# Why can't Quicktime play .avi files?!



## julguribye (Dec 23, 2001)

Why can't Quicktime play .avi files?!  They send people to the moon and QuickTime can't even play avi movies!!! Why is this? None of my avi's will play in quicktime or with the quicktimeplugin in explorer!

Try this link: http://www.firsteye.dk/animations/vfx_explo.avi

Quicktime is missing necceseary software blah blah blah!

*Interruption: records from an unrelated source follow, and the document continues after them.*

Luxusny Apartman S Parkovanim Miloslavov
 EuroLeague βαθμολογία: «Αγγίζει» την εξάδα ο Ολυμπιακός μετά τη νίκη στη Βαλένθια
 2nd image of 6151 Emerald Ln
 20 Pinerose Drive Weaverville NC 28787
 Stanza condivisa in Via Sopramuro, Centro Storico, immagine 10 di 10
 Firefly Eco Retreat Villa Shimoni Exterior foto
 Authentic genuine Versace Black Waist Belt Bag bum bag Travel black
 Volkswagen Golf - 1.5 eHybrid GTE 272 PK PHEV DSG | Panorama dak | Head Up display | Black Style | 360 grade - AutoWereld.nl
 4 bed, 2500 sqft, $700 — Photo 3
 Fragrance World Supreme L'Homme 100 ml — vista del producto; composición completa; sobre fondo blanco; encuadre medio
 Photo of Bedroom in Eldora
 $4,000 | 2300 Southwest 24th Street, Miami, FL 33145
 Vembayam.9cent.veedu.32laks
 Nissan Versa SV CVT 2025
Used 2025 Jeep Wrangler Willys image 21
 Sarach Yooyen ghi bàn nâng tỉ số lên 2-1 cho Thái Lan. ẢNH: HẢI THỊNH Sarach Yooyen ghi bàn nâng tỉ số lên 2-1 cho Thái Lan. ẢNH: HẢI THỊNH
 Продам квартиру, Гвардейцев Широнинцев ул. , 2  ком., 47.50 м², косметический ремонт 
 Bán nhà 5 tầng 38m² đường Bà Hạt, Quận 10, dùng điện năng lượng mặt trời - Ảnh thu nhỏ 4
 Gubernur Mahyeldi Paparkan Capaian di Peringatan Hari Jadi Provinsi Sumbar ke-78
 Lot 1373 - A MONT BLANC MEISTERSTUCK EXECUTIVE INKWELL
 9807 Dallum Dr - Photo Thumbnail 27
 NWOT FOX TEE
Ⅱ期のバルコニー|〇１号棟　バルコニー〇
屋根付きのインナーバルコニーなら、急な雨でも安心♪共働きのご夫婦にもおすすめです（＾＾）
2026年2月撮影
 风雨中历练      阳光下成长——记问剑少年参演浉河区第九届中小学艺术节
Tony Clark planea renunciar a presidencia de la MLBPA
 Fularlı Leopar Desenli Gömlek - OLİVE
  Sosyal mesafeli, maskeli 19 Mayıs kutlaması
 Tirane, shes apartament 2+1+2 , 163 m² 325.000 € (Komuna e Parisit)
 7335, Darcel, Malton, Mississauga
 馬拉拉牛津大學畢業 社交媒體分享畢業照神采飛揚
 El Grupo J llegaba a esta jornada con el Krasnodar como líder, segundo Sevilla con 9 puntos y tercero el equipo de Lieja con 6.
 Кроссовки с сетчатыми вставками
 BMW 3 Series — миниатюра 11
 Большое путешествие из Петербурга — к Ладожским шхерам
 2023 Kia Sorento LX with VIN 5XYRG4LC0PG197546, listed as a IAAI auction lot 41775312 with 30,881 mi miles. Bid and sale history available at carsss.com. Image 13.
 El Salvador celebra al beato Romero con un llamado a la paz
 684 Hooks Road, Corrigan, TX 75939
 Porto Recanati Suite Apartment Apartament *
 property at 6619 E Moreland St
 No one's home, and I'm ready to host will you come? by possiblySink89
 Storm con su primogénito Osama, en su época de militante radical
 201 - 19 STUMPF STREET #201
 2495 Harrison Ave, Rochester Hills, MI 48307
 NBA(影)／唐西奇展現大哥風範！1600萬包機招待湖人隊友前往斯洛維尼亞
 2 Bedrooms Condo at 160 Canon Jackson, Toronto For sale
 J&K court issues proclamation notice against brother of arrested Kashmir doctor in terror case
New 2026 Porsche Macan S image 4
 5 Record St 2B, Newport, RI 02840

I know this has been debated before, but I want this clear! And I DON'T want to use Microsuck Windows Media Player!


----------



## konrad (Dec 23, 2001)

this avi requires the "IV50" codec which probably is intel video 5.0 and is not available for mac. im sorry but you´ll _have_ to use the windows media player...


----------



## julguribye (Dec 23, 2001)

But WHY can't Apple implement this into their flagship product?!


----------



## ablack6596 (Dec 23, 2001)

Becasue whoever owns that codec in this case Intel I guess will not alow Apple to put it in Quicktime it is the same reason why you can't play files for RealPlayer in Quicktime.


----------



## JohnnyV (Dec 23, 2001)

if you search around a bit you can find AVI to Mov converts. I don't have one, but have seen them on carracho, and somewhere on the web. Sorry i don't have a web address. Good Luck AND WHATEVER YOU DO DON'T USE WINDOWS MEDIA PLAYER!!!!! IT BLOWS OUT THE ARSE!!


----------



## wdw_ (Dec 23, 2001)

Those AVI to MOV apps can be found at download.com, but none of them work!


----------



## simX (Dec 23, 2001)

It can't play them because they are proprietary formats.  I would LOVE it if the QT player could play WMP files, RealPlayer Files, as well as all of the .avi files.  Then it would really be a godsend.  Unfortunately, ass companies like Real and Microsoft and Intel won't allow their proprietary formats be used in any other player other than theirs.  Really annoying, I agree.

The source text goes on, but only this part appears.